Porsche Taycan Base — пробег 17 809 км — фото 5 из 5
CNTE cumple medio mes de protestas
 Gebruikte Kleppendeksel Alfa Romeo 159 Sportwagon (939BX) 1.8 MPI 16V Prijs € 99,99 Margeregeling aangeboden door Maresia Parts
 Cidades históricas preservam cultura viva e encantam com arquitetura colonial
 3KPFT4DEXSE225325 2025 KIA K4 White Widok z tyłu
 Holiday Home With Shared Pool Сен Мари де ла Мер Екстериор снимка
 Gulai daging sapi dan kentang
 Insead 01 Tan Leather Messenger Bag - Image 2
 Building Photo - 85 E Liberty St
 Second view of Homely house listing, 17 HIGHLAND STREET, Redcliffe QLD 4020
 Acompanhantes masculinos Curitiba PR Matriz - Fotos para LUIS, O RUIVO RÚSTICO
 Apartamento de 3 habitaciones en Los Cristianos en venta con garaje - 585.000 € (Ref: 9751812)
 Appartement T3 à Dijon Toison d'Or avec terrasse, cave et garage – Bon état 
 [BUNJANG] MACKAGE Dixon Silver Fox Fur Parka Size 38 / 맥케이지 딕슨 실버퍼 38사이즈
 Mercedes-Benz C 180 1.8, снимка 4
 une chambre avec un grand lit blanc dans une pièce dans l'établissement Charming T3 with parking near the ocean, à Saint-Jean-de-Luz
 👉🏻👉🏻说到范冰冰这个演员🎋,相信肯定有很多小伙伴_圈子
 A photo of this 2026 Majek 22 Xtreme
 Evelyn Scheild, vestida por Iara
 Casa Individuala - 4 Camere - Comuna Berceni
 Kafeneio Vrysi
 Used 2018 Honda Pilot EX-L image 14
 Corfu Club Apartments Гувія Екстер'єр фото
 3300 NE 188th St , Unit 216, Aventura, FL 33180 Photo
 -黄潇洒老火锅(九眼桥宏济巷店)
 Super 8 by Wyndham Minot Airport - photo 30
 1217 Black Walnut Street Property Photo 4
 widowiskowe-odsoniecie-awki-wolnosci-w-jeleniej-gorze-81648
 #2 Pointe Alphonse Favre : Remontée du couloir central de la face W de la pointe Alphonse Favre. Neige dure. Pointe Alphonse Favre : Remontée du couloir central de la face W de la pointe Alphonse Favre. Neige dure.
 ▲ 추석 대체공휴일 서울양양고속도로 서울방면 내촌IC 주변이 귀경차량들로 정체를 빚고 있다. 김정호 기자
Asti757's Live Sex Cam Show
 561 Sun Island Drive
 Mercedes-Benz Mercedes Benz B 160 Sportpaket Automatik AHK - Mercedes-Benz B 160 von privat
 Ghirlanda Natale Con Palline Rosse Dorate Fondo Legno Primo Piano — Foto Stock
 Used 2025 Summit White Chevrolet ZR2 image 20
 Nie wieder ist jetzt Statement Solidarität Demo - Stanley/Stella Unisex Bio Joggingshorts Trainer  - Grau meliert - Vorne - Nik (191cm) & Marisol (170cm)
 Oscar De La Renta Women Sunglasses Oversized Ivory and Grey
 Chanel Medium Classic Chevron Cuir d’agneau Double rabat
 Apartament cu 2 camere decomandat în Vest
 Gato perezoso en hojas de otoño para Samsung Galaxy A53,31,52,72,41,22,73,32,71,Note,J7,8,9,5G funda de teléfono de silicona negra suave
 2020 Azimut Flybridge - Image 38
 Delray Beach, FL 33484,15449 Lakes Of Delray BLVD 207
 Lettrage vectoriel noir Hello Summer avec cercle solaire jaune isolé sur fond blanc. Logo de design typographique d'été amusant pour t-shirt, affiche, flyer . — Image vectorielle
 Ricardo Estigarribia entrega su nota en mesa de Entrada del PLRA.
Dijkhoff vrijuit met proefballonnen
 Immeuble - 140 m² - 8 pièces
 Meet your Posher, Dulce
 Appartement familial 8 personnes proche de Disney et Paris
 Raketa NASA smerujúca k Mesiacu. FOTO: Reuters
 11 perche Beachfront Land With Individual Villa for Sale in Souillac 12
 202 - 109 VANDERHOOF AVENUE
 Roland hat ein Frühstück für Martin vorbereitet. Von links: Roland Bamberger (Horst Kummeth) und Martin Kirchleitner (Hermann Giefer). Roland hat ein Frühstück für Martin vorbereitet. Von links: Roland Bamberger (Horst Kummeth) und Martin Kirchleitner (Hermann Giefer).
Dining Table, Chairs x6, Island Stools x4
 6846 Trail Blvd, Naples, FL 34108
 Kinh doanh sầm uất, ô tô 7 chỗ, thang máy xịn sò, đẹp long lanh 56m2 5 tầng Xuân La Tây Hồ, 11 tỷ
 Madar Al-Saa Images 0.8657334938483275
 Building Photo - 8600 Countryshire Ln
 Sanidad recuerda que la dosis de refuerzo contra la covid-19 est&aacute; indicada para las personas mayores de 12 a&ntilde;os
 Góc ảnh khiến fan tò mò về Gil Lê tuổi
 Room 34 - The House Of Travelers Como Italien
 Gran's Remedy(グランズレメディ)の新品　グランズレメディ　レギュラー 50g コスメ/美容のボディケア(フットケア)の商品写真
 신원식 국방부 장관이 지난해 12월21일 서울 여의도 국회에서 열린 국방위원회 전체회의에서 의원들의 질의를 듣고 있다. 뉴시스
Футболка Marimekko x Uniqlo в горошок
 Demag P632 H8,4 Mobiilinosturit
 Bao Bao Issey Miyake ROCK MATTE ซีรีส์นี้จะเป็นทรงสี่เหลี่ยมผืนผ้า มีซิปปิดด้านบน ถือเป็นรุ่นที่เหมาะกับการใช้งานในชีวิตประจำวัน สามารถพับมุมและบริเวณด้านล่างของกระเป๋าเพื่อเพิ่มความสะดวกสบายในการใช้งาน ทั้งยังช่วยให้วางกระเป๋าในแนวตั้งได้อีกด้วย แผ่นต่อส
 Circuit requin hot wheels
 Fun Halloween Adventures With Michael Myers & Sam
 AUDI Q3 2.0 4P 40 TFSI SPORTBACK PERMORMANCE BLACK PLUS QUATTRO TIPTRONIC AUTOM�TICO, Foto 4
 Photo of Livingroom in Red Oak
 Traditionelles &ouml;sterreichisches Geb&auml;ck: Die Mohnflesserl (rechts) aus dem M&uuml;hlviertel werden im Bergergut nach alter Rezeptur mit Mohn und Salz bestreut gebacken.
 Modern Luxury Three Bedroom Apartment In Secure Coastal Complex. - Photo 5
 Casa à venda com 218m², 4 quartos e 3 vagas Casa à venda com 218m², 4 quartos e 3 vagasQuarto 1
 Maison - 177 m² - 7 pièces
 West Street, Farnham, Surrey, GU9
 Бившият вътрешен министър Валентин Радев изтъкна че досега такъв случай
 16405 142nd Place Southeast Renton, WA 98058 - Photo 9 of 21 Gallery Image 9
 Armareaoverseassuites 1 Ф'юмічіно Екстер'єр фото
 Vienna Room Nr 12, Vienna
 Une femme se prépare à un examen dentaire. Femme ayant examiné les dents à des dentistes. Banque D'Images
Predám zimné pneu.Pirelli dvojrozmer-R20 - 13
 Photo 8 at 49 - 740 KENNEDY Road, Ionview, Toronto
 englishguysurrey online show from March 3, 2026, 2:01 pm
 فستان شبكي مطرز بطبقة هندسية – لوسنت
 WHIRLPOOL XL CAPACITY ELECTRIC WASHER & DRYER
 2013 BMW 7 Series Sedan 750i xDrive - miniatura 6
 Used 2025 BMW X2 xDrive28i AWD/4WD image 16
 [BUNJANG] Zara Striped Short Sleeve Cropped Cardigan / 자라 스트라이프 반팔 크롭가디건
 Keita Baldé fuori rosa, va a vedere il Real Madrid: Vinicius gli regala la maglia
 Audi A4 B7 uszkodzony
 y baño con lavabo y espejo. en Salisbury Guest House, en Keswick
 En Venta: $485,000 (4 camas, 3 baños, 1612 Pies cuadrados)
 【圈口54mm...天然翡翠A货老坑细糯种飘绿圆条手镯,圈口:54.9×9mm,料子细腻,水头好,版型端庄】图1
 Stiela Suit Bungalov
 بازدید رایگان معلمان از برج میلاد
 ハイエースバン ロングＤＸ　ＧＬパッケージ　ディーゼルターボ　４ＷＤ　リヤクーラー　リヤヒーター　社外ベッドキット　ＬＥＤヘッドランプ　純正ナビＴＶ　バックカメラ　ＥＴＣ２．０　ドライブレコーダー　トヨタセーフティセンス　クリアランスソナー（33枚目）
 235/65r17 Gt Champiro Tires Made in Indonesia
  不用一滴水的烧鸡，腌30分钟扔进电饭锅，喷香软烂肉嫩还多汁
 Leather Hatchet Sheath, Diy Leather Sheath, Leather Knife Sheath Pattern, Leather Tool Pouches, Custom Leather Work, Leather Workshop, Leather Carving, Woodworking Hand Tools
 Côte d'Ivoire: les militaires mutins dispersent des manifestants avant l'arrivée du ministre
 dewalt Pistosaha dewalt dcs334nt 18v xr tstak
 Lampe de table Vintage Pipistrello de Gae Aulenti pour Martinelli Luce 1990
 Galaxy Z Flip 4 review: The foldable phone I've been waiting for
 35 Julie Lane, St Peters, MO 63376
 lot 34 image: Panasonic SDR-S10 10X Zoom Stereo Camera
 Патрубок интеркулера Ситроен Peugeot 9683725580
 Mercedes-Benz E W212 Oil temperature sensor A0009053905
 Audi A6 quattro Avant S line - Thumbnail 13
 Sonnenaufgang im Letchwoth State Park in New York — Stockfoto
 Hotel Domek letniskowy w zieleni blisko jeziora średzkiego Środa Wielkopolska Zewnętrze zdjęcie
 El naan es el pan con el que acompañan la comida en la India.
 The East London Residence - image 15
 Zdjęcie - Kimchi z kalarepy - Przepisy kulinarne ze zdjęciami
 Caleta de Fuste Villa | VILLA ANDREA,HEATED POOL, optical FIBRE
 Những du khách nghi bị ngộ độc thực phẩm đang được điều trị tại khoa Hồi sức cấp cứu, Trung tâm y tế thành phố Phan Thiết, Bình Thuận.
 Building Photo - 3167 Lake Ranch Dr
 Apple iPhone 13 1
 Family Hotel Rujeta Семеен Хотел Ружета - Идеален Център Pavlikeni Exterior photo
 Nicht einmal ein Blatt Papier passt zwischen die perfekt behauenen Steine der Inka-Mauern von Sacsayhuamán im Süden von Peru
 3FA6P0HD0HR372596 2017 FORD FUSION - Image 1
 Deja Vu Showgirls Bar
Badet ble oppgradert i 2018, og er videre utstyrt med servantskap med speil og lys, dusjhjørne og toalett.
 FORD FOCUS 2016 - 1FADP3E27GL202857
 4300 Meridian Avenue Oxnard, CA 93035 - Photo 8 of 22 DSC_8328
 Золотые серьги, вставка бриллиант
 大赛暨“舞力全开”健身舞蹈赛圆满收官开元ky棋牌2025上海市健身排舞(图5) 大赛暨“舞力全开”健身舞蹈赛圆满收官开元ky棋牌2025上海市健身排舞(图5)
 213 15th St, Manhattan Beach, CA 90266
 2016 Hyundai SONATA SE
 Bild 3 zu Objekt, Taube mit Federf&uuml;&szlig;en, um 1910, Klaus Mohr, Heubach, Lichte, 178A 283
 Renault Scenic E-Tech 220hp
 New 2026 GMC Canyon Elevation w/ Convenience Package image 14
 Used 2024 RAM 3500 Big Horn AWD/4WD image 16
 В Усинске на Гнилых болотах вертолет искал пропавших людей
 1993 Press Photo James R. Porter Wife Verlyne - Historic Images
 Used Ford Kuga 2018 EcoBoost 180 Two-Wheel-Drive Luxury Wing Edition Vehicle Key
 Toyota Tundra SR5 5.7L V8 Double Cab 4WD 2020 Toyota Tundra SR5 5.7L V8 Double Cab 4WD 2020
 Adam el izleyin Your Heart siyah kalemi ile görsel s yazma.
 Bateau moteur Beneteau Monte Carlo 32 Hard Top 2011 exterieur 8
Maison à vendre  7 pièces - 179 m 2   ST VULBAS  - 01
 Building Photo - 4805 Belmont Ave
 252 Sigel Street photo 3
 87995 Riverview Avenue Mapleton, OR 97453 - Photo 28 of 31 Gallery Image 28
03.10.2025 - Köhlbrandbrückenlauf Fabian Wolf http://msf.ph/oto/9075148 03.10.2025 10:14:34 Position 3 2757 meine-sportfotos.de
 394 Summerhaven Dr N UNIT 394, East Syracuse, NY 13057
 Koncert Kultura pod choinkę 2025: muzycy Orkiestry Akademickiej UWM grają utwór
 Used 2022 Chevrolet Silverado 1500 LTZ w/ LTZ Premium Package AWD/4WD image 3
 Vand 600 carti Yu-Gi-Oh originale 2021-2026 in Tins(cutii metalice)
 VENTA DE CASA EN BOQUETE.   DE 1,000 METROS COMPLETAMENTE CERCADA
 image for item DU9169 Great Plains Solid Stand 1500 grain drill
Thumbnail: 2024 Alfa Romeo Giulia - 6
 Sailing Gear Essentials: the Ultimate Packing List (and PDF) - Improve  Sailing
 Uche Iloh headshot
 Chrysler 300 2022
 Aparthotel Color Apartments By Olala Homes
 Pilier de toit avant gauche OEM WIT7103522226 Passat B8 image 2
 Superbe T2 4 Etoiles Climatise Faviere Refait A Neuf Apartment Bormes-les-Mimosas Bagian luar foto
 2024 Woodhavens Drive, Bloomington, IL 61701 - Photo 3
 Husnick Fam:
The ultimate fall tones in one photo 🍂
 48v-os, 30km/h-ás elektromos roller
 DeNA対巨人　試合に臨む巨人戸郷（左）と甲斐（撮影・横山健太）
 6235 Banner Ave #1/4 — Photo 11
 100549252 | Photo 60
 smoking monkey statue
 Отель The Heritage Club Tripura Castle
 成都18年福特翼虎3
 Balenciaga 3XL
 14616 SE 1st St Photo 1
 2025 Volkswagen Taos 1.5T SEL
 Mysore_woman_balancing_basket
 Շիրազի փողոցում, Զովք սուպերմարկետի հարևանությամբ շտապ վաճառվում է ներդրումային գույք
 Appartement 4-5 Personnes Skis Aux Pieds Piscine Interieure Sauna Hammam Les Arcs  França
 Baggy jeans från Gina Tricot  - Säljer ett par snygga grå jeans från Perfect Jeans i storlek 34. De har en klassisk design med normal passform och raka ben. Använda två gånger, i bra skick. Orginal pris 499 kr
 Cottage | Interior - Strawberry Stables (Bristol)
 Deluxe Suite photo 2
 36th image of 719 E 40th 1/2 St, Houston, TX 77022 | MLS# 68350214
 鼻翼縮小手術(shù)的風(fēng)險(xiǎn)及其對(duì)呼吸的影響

——————————

Exercise brief =>
Exactly repeat the lines above, from the opening line through the one with "Super 8 by Wyndham Minot Airport - photo 30", and include nothing else.

Written response =>
Porsche Taycan Base — пробег 17 809 км — фото 5 из 5
CNTE cumple medio mes de protestas
 Gebruikte Kleppendeksel Alfa Romeo 159 Sportwagon (939BX) 1.8 MPI 16V Prijs € 99,99 Margeregeling aangeboden door Maresia Parts
 Cidades históricas preservam cultura viva e encantam com arquitetura colonial
 3KPFT4DEXSE225325 2025 KIA K4 White Widok z tyłu
 Holiday Home With Shared Pool Сен Мари де ла Мер Екстериор снимка
 Gulai daging sapi dan kentang
 Insead 01 Tan Leather Messenger Bag - Image 2
 Building Photo - 85 E Liberty St
 Second view of Homely house listing, 17 HIGHLAND STREET, Redcliffe QLD 4020
 Acompanhantes masculinos Curitiba PR Matriz - Fotos para LUIS, O RUIVO RÚSTICO
 Apartamento de 3 habitaciones en Los Cristianos en venta con garaje - 585.000 € (Ref: 9751812)
 Appartement T3 à Dijon Toison d'Or avec terrasse, cave et garage – Bon état 
 [BUNJANG] MACKAGE Dixon Silver Fox Fur Parka Size 38 / 맥케이지 딕슨 실버퍼 38사이즈
 Mercedes-Benz C 180 1.8, снимка 4
 une chambre avec un grand lit blanc dans une pièce dans l'établissement Charming T3 with parking near the ocean, à Saint-Jean-de-Luz
 👉🏻👉🏻说到范冰冰这个演员🎋,相信肯定有很多小伙伴_圈子
 A photo of this 2026 Majek 22 Xtreme
 Evelyn Scheild, vestida por Iara
 Casa Individuala - 4 Camere - Comuna Berceni
 Kafeneio Vrysi
 Used 2018 Honda Pilot EX-L image 14
 Corfu Club Apartments Гувія Екстер'єр фото
 3300 NE 188th St , Unit 216, Aventura, FL 33180 Photo
 -黄潇洒老火锅(九眼桥宏济巷店)
 Super 8 by Wyndham Minot Airport - photo 30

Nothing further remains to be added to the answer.